Bagian 24

141 19 2
                                    

Laporan penyerangan di markas organisasi Deonggido segera saja masuk ke dalam kantor polisi. Kim Seokjin dan timnya ditunjuk untuk melakukan investigasi bersama para olah TKP yang sudah bersiap. Mereka melakukan pertemuan singkat sebelum mulai berangkat.

Sirine mobil polisi menggaung-gaung di sepanjang jalan kota menuju pinggiran. Ambulan telah sampai lebih dahulu untuk mengevakuasi korban, dan para polisi menyusul kemudian. Malam itu pukul satu, para manusia telah berada di dalam bilik untuk menghangatkan diri dalam buaian tidur menjemput mimpi. Satu dua terbangun karena gaungan sirine terdengar mencekam, dan banyak dari mereka tak acuh dan memilih masuk ke dalam buaian mimpi setelah beraktivitas seharian.

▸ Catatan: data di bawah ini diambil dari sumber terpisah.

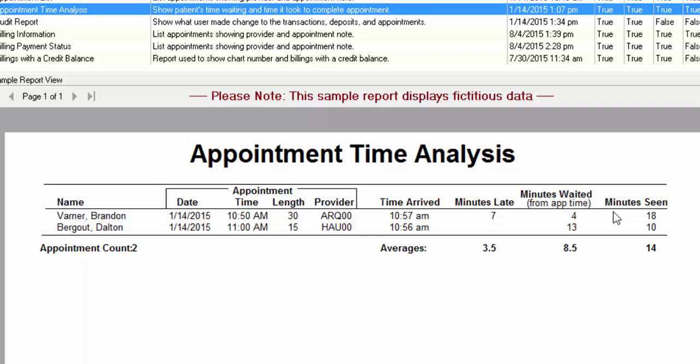Or for example, if you're scheduling new patient appointments to be 30 minutes and you're noticing that every time new patient appointments come in, that it's actually 40 minutes or 45 minutes, then maybe you start changing the amount of default time that you've set up for that type of appointment.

Park Jimin menjadi pengemudi, di sebelahnya Kim Seokjin yang tampak sangat kelelahan. Lalu di kursi belakang, Kim Jisoo yang menggerutu karena tiba-tiba ditelepon saat sedang dibuai mimpi, bersama Jeon Jungkook yang terus menelepon Oh Taesung.

"Dia tidak menjawab?" Park Jimin melirik dari kaca spion.

"Sepertinya sudah tidur — halo, di mana kau? Cepat ke markas Deonggido, ada penyerangan di sana."

Di seberang, apartemen Taehyung yang lengang, si empu baru selesai menyegarkan diri dengan mandi. Ia terkesiap mendengar penuturan Jeon Jungkook tentang markas Deonggido yang diserang mendadak.

"Siapa yang menyerang?"

Tak ada jawaban.

Maka, dengan itu, Kim Taehyung bergegas menyabet jaketnya dan berlarian ke luar apartemen. Sepatu converse putih usangnya dipakai cepat-cepat. Bahkan, pintu apartemen tidak yakin ditutup sempurna atau tidak. Ia melompat ke dalam mobil segera, menyalakan kunci, kemudian menukik tajam menuju jalanan besar. Lupakan soal istirahat malam ini, karena ia terlanjur terkejut mendengar kabar tersebut. Pikirannya langsung mencemaskan keadaan Kim Namjoon.

Jam satu pagi, malam semakin kelam, tiada bintang tiada bulan. Udara dingin menerpa. Jalanan yang lengang membuat Taehyung bisa dengan mudah sampai di markas Deonggido yang sudah ia hapal jalannya di luar kepala dalam waktu dua puluh menit.

Taehyung turun dari mobil dan melangkah mendekat. Seorang polisi mencegah langkahnya, Taehyung memperlihatkan tanda nama 'Oh Taesung, detektif satres narkoba' yang menggantung di leher, lalu sedikit merunduk sebab garis polisi melintang dan berjalan ke selasar.

Ia tak bisa tak merasa terkejut tatkala melihat kekacauan yang terjadi. Rembesan darah masih menggenang di selasar. Tidak ada mayat. Tidak ada korban yang bergelimpangan di tanah. Mereka semua sudah masuk ke dalam mobil ambulan untuk dibawa ke rumah sakit. Taehyung mendekat pada Kim Seokjin yang sedang menginterogasi seseorang di dalam mobil ambulan.

"Kau masih tidak mau bicara, huh?!" Kalimat Seokjin mengeras, bersamaan dengan wajahnya yang menekuk kaku.

Jung Hoseok, yang berada di dalam ambulan, terdiam sembari memegang lengan kanannya yang sudah terbalut perban. Ia menunduk, enggan bicara dengan Kim Seokjin. Warna merah masih merembes di perban pria itu. Tapi, tak ada raut kesakitan. Hanya raut datar dan tak berperasaan. Kemejanya luluh lantak. Lengan kemeja dirobek, dan terdapat banyak bercak darah di sisi.

Darah, darah, darah.

Kim Seokjin mengela napas. "Katakan saja namanya, maka aku akan melepaskanmu."

Namun, tak ada jawaban dari Jung Hoseok. Ia diam. Bungkam. Kim Seokjin menggeram marah, menendang ban ambulan dengan keras sembari mengumpat. Barulah saat itu, Jung Hoseok mendongak. Tatapannya berserobok dengan tatapan Kim Taehyung yang terpaku di belakang Kim Seokjin. Melihat kehadiran Kim Taehyung, dia mendengus pelan dan mengalihkan pandang. Taehyung ingin bertanya perihal keberadaan Kim Namjoon, tapi tampaknya pria itu enggan berbicara dengannya.